Berkeley Faculty Link Program

Promoting faculty success, satisfaction, and belonging

Faculty Link is a faculty-led program designed to build connections and community across campus through events, career mentoring, and support. The program has three components: on demand one-on-one advising, forums, and identity gatherings.

The program is available to senate faculty, as well as adjunct faculty, clinical faculty, and cooperative extension specialists.

Faculty Core Advisors from a variety of disciplines are available for one-on-one advising and support. Discussion topics can range from serious issues and concerns to where to find the best coffee near campus. Reach out to one (or more) of our outstanding faculty Core Advisors for advice, support, or just to chat! 

Faculty Link forums are larger group events on topics related to faculty experiences (e.g., getting grants, work-life balance, new research directions, etc.), designed for meaningful discussion and career support. 

Identity gatherings offer faculty with shared identities opportunities to build community in casual get-togethers (e.g., LGBTQ+ faculty, Black faculty, LSOE/LPSOE faculty, etc.). 

Berkeley Faculty Link Core Advisors

This video was made by Faculty Link Core Advisors in 2022. Play the video to learn more about this program for senate faculty!

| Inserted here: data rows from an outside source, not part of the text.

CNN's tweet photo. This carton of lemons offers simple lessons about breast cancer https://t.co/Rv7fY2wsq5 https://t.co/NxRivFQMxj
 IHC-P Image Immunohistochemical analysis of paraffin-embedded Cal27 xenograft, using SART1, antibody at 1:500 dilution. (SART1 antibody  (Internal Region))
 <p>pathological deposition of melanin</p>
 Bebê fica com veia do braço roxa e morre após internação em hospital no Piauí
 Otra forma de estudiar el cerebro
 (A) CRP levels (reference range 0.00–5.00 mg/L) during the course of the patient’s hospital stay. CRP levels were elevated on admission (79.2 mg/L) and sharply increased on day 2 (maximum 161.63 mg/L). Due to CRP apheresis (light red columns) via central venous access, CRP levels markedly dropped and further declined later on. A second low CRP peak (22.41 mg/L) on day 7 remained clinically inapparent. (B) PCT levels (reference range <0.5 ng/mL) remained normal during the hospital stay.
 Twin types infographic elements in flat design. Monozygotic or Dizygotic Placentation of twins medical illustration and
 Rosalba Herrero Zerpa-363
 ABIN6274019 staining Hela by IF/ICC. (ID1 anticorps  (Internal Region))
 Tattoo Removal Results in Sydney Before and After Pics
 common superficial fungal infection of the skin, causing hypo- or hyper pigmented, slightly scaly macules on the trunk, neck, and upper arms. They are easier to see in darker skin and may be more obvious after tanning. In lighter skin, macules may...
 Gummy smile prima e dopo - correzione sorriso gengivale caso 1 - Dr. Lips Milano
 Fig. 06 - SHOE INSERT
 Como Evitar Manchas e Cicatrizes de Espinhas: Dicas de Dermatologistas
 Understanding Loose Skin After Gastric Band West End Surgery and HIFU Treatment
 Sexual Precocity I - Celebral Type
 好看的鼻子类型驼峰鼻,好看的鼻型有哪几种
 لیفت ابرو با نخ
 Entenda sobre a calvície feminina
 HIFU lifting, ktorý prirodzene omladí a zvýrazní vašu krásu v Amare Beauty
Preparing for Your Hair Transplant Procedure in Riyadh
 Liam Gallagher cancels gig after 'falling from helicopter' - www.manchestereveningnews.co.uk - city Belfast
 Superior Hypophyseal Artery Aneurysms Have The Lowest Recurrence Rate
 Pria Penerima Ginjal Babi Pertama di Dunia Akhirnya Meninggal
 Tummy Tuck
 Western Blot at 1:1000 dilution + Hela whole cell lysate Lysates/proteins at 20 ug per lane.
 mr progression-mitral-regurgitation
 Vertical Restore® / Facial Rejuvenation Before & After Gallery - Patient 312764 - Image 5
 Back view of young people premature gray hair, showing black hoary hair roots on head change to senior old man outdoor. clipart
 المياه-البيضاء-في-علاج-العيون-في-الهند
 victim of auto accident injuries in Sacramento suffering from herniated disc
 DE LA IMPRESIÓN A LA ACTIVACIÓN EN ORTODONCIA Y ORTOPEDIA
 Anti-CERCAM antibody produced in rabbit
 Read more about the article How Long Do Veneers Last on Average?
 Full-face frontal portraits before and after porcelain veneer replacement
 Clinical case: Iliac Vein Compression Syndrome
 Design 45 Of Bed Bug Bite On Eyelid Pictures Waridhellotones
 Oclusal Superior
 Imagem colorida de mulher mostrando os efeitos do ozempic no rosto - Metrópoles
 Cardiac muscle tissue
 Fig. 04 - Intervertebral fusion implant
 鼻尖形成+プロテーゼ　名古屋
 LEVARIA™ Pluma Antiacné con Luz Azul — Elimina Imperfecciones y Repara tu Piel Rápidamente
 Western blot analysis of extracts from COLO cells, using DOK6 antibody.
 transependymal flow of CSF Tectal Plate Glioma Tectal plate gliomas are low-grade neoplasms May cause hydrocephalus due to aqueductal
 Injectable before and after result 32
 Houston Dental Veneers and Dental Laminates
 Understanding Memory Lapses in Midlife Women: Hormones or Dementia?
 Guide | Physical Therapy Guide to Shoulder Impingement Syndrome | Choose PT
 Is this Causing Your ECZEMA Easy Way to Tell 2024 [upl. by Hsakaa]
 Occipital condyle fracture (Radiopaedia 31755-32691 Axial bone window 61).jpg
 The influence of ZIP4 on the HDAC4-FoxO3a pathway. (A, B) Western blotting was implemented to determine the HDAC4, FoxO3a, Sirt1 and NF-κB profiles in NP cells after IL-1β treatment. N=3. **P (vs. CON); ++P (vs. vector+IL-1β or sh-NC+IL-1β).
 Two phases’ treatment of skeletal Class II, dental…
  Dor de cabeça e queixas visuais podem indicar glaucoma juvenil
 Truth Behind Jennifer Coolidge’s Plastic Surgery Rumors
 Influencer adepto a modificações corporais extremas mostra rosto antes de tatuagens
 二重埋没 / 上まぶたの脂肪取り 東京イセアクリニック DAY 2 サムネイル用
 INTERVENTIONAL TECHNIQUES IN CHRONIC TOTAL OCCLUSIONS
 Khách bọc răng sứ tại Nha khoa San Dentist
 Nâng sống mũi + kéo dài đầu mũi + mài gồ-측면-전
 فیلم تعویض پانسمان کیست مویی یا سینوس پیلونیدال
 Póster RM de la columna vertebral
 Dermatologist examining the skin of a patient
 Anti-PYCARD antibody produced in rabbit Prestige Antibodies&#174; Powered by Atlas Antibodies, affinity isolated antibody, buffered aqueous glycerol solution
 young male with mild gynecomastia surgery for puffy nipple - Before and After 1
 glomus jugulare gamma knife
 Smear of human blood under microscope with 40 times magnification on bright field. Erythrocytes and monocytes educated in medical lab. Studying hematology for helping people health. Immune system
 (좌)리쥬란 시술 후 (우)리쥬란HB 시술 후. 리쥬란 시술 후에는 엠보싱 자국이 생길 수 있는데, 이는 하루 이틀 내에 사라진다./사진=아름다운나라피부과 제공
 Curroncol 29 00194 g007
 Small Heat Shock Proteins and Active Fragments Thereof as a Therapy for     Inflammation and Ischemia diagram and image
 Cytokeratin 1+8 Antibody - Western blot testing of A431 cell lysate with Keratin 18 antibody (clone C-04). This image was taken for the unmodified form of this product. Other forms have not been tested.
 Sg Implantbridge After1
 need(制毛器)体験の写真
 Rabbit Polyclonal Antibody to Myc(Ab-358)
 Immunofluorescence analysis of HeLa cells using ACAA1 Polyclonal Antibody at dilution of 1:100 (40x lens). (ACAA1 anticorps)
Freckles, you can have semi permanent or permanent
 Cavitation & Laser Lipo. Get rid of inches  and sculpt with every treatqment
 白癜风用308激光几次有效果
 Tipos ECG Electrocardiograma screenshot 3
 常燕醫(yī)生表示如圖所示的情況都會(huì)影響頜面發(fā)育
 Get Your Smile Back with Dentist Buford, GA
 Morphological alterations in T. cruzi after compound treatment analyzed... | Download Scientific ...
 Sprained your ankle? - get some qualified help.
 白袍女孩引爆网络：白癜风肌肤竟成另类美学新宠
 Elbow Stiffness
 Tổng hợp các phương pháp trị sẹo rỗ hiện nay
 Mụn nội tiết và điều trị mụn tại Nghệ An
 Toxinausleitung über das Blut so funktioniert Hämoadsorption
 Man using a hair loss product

It was a lifeline in a semester when I was really rethinking everything about my career. Very helpful to have frank conversations with faculty outside my department.
Program participant
I valued hearing from a wide variety of perspectives, and realizing that we all face different versions of the same challenges.
Program participant

Faculty Leads: Special Advisors to the Provost on Climate and Mentoring

Serena Chen

Professor, Psychology

I have served as a primary mentor for graduate students for nearly 25 years. These graduate students have come from very diverse backgrounds, with equally diverse current circumstances, and a broad range of strengths, interests, and career goals. Over the years, I have also mentored and regularly offered advice to junior (and sometimes) senior colleagues. My approach to mentoring/advising is direct and pragmatic, but also compassionate.

Noah Whiteman

Professor, Integrative Biology and Molecular & Cell Biology

Because of my personal history, I am interested in encouraging those from all backgrounds to join and enrich the scientific enterprise with their perspectives--this includes, of course, those with liberal and conservative political perspectives, those who hold religious views and those who do not, those from big cities or those from rural areas. I am a first-generation college student. I was the first openly gay faculty member in my department at the University of Arizona and I am also the first in my new department at the University of California, Berkeley. I have found academia to be an oasis: at each university where I have worked I came to believe that I belonged there. I look forward to the day when none of us is judged by non-merit based criteria, where none of us has to talk about rising above societal perceptions of income, ethnicity, religion, physical traits, accents, sexual orientation or gender, political opinions and where human diversity is embraced in all of its forms, at all levels in our society and in every place. Until that day comes, we need to talk about it.